If someone asks you, “What business scenarios would you use Redis for?” I think you’re probably going to say, “I’m going to use this as a cache because it stores the data from the back-end database in memory and then reads it directly from memory, so it’s very responsive.” Yes, this is a common scenario for Redis, but there is one problem that should never be ignored: if the server goes down, all the data in memory will be lost.
An easy solution would be to recover the data from the back-end database, but there are two problems with this approach. One is that frequent access to the database puts a lot of strain on the database. The second is that the data is read from a slow database, and the performance is certainly not as good as reading from Redis, causing the application that uses the data to respond slowly.
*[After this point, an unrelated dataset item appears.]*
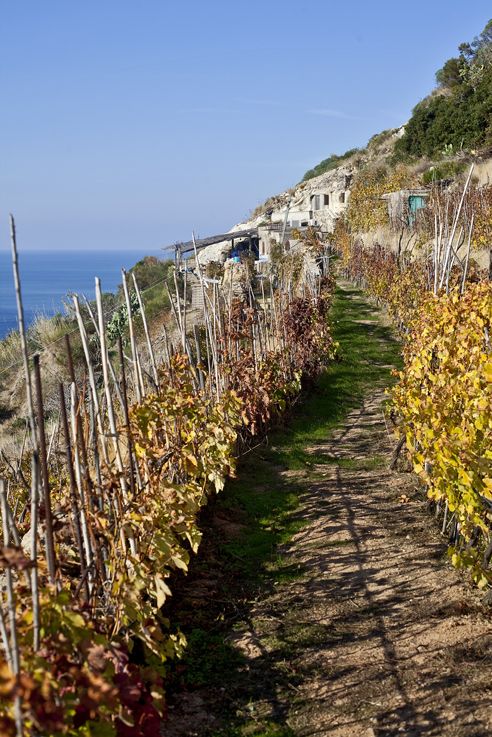 Antiche Cantine Migliaccio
Therefore, it is critical for Redis to persist data and avoid recovery from back-end databases.
Currently, there are two main mechanisms for Redis persistence: AOF logging and RDB snapshot. In the next two lessons, let’s study them separately. In this lesson, we will focus on AOF logging.
How is AOF logging implemented?
In terms of logging, we are familiar with Write Ahead Log (WAL) of the database. This means that the modified data is recorded in the Log file before the data is actually written, so that it can be recovered in the event of a failure. However, AOF logging is the opposite, it is a write after log. “write after” means that Redis executes commands and writes data to memory before logging, as shown in the following figure:
So why does AOF execute commands before logging? To answer that question, we need to know what was recorded in the AOF.
Whereas traditional database logs, such as the redo log, record modified data, AOF records every command received by Redis, which is stored as text.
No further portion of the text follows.